§ **Work to be completed**
Where an entry contains a picture, skip the picture and write out everything else exactly.

§ **Records for this exercise**
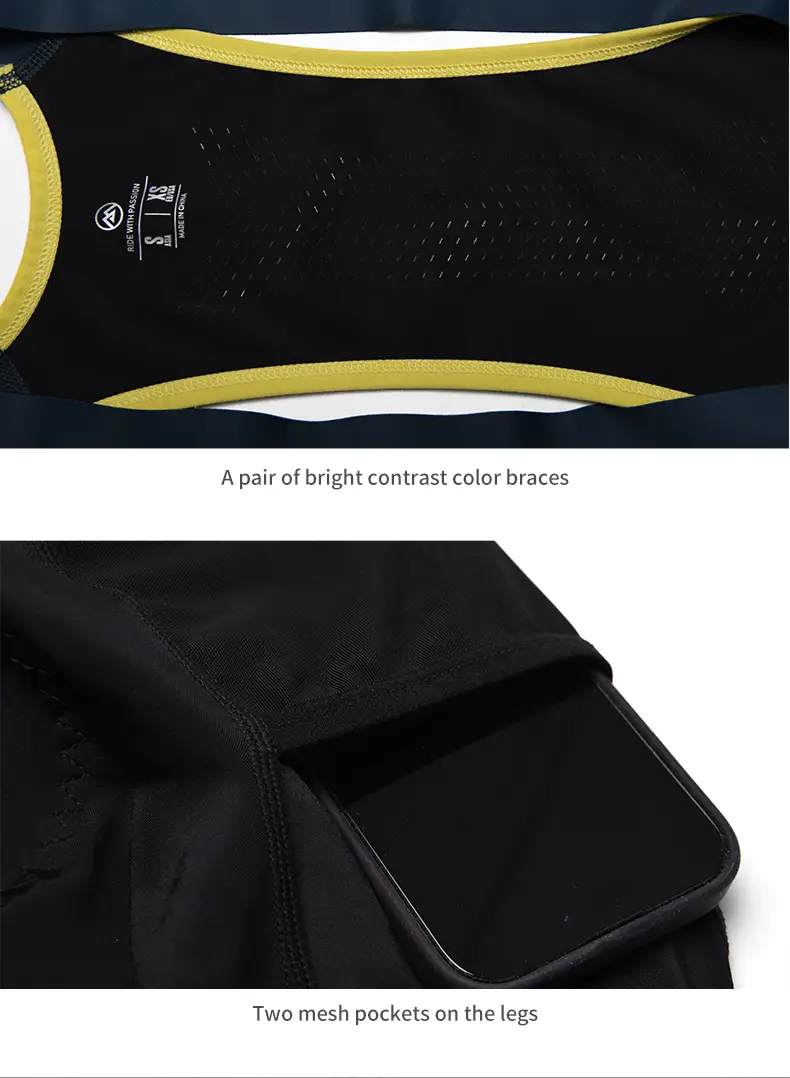 MONTON MENS CYCLING BIB SHORTS TRAVELER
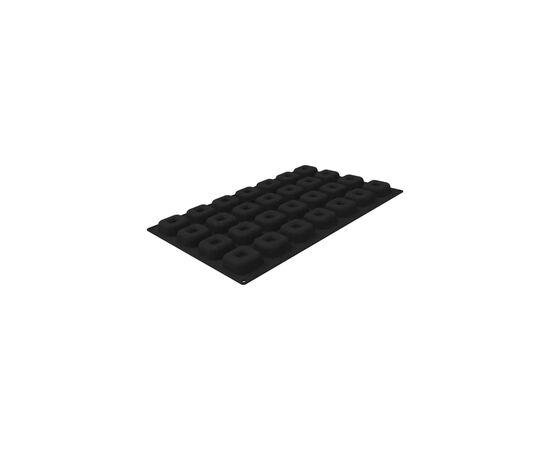 Форма для выпечки Silikomart 600x400 мм Square savarin 68 x 68 h 26 мм 28 шт (SQ090)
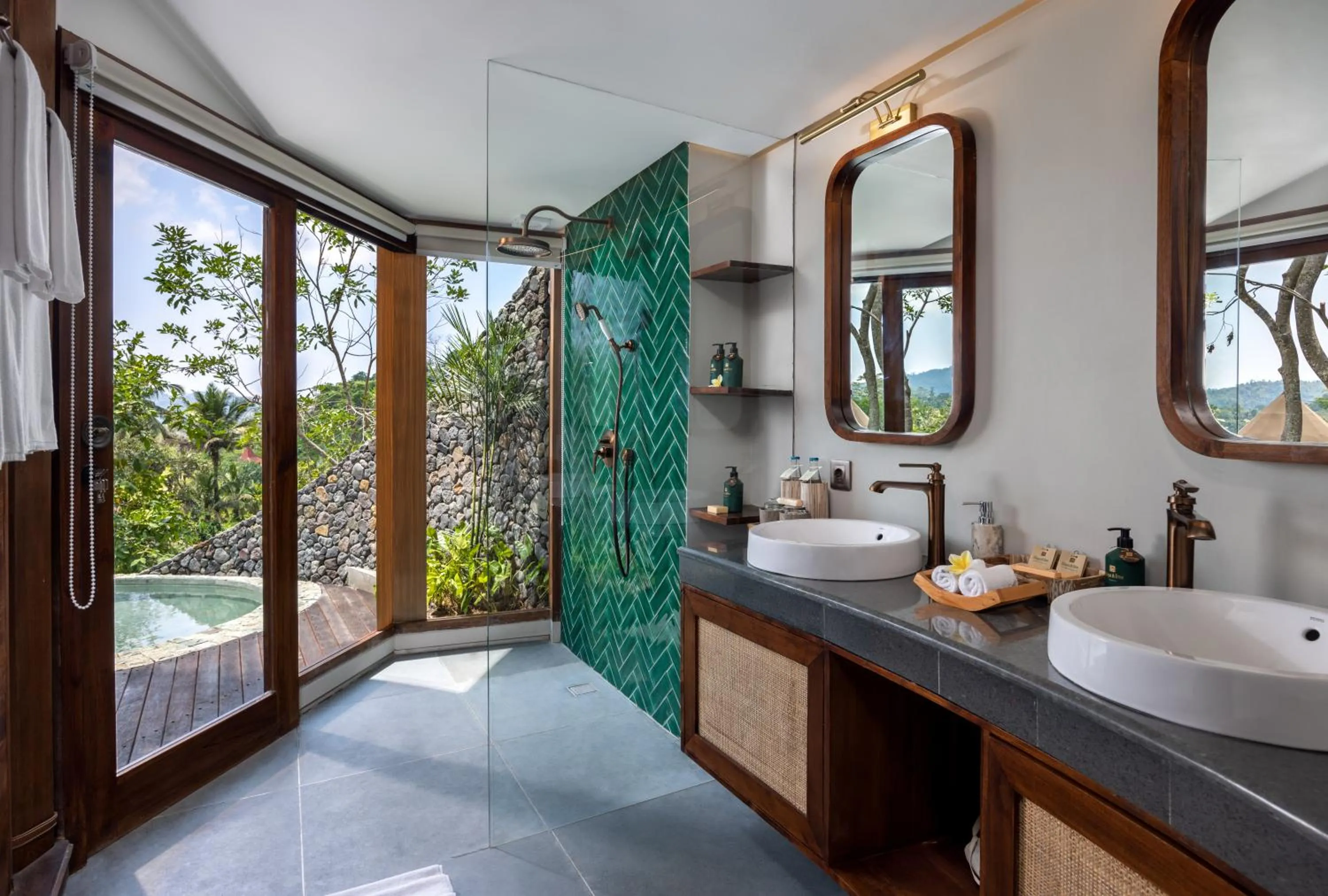 Bathroom in The Wapa Lux Tent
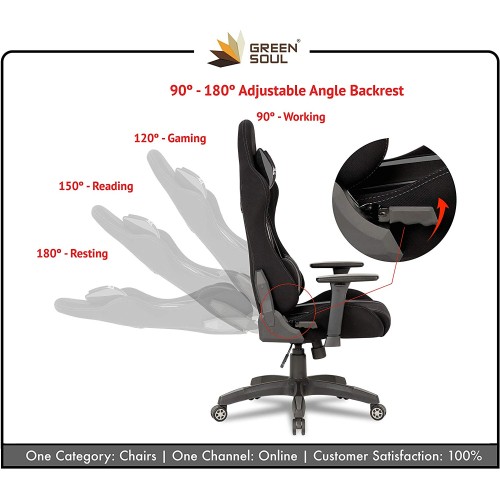 Green Soul GS-600 Beast Series Gaming Chair (Black & Grey)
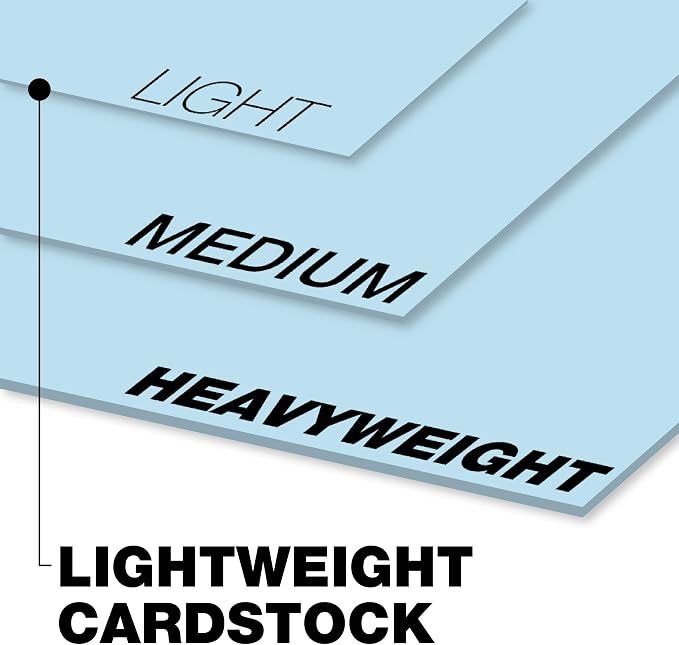 Springhill 8.5” x 11” Blue Colored Cardstock Paper, 67lb Vellum Bristol, 147gsm, 250 Sheets (1 Ream) – Premium Lightweight Cardstock, Vellum Printer Paper with Textured Finish – 026000R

§ **Result of this task**
 MONTON MENS CYCLING BIB SHORTS TRAVELER
 Форма для выпечки Silikomart 600x400 мм Square savarin 68 x 68 h 26 мм 28 шт (SQ090)
 Bathroom in The Wapa Lux Tent
 Green Soul GS-600 Beast Series Gaming Chair (Black & Grey)
 Springhill 8.5” x 11” Blue Colored Cardstock Paper, 67lb Vellum Bristol, 147gsm, 250 Sheets (1 Ream) – Premium Lightweight Cardstock, Vellum Printer Paper with Textured Finish – 026000R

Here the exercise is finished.